To avoid this, I add style="overflow-y: scroll" to the body tag, which forces the scrollbar to always display - the scrollbar is just disabled if the content is shorter than the screen.

The problem comes when I use the material-ui SwipeableDrawer component to show a sliding option menu. Viewing the DOM in the browser inspector, it seems material-ui actively removes my overflow-y styling on the body tag when it shows the menu, but then doesn't put it back when it removes the menu.

  • Example app published on Netlify
  • Source code
  • The screen-shot below shows the content is stable at first when the disabled scrollbar is visible, then shows the content jumping left/right after the menu has been displayed.

enter image description here

This only happens on desktop, reproduced with both Chrome and Firefox.
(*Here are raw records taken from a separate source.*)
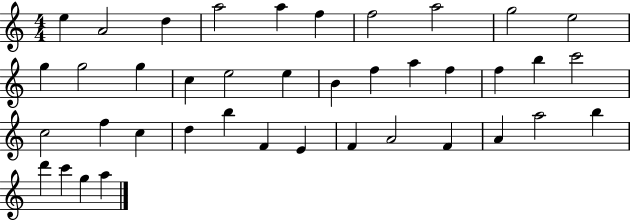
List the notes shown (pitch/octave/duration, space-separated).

E5/q A4/h D5/q A5/h A5/q F5/q F5/h A5/h G5/h E5/h G5/q G5/h G5/q C5/q E5/h E5/q B4/q F5/q A5/q F5/q F5/q B5/q C6/h C5/h F5/q C5/q D5/q B5/q F4/q E4/q F4/q A4/h F4/q A4/q A5/h B5/q D6/q C6/q G5/q A5/q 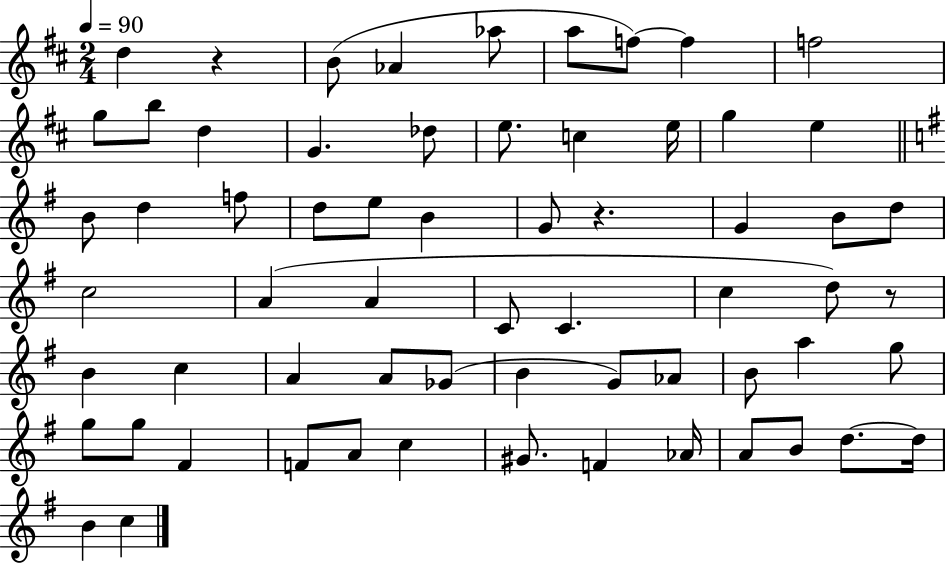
X:1
T:Untitled
M:2/4
L:1/4
K:D
d z B/2 _A _a/2 a/2 f/2 f f2 g/2 b/2 d G _d/2 e/2 c e/4 g e B/2 d f/2 d/2 e/2 B G/2 z G B/2 d/2 c2 A A C/2 C c d/2 z/2 B c A A/2 _G/2 B G/2 _A/2 B/2 a g/2 g/2 g/2 ^F F/2 A/2 c ^G/2 F _A/4 A/2 B/2 d/2 d/4 B c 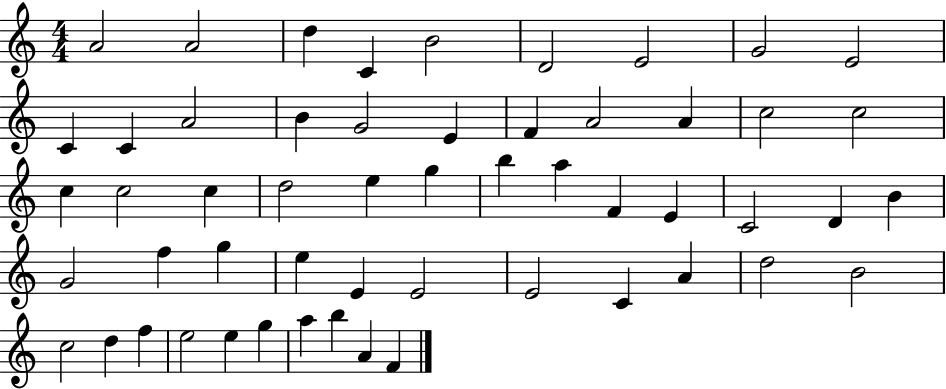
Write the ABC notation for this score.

X:1
T:Untitled
M:4/4
L:1/4
K:C
A2 A2 d C B2 D2 E2 G2 E2 C C A2 B G2 E F A2 A c2 c2 c c2 c d2 e g b a F E C2 D B G2 f g e E E2 E2 C A d2 B2 c2 d f e2 e g a b A F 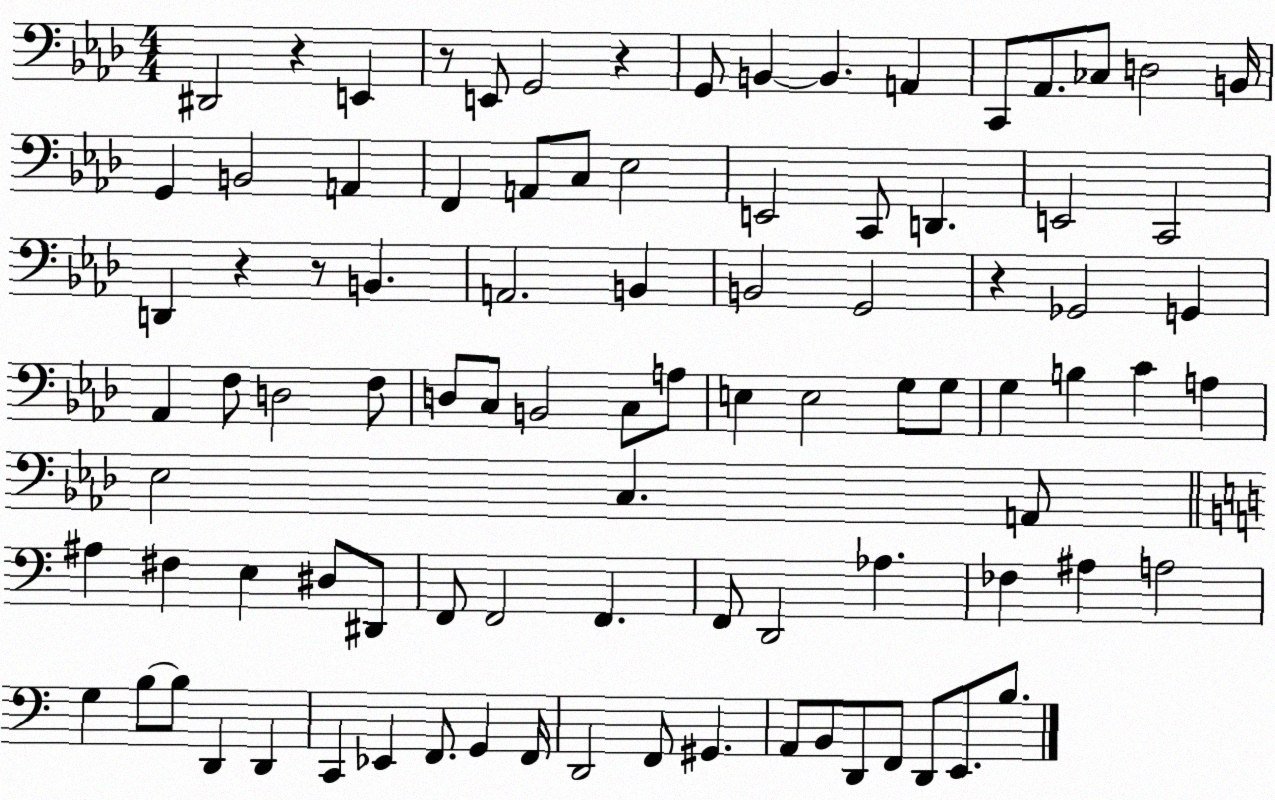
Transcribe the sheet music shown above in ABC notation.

X:1
T:Untitled
M:4/4
L:1/4
K:Ab
^D,,2 z E,, z/2 E,,/2 G,,2 z G,,/2 B,, B,, A,, C,,/2 _A,,/2 _C,/2 D,2 B,,/4 G,, B,,2 A,, F,, A,,/2 C,/2 _E,2 E,,2 C,,/2 D,, E,,2 C,,2 D,, z z/2 B,, A,,2 B,, B,,2 G,,2 z _G,,2 G,, _A,, F,/2 D,2 F,/2 D,/2 C,/2 B,,2 C,/2 A,/2 E, E,2 G,/2 G,/2 G, B, C A, _E,2 C, A,,/2 ^A, ^F, E, ^D,/2 ^D,,/2 F,,/2 F,,2 F,, F,,/2 D,,2 _A, _F, ^A, A,2 G, B,/2 B,/2 D,, D,, C,, _E,, F,,/2 G,, F,,/4 D,,2 F,,/2 ^G,, A,,/2 B,,/2 D,,/2 F,,/2 D,,/2 E,,/2 B,/2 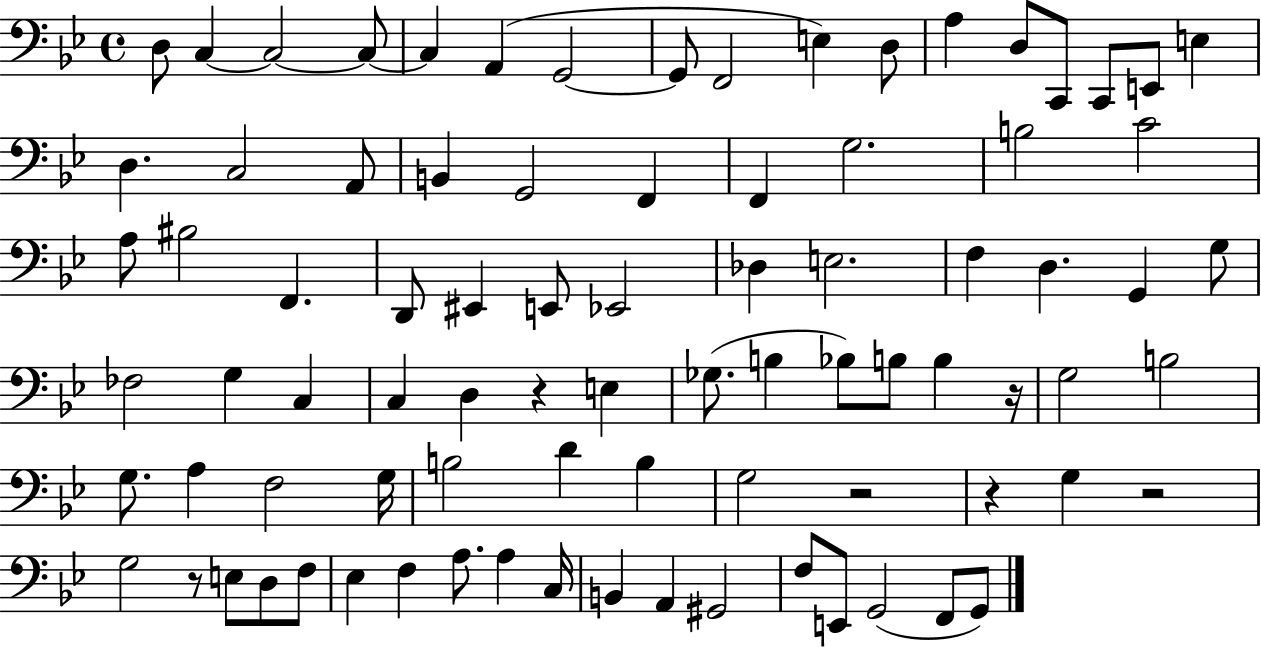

It doesn't happen on mobile (iOS, for example) because the scrollbar on mobile devices is displayed "on top" of the content.

I don't want to track what material-ui is doing and add/remove padding - I'm pretty sure material-ui does this behaviour for other components as well (poppers, tooltips, etc.) Tracking all those components and fiddling with padding will be error-prone (not to mention tedious).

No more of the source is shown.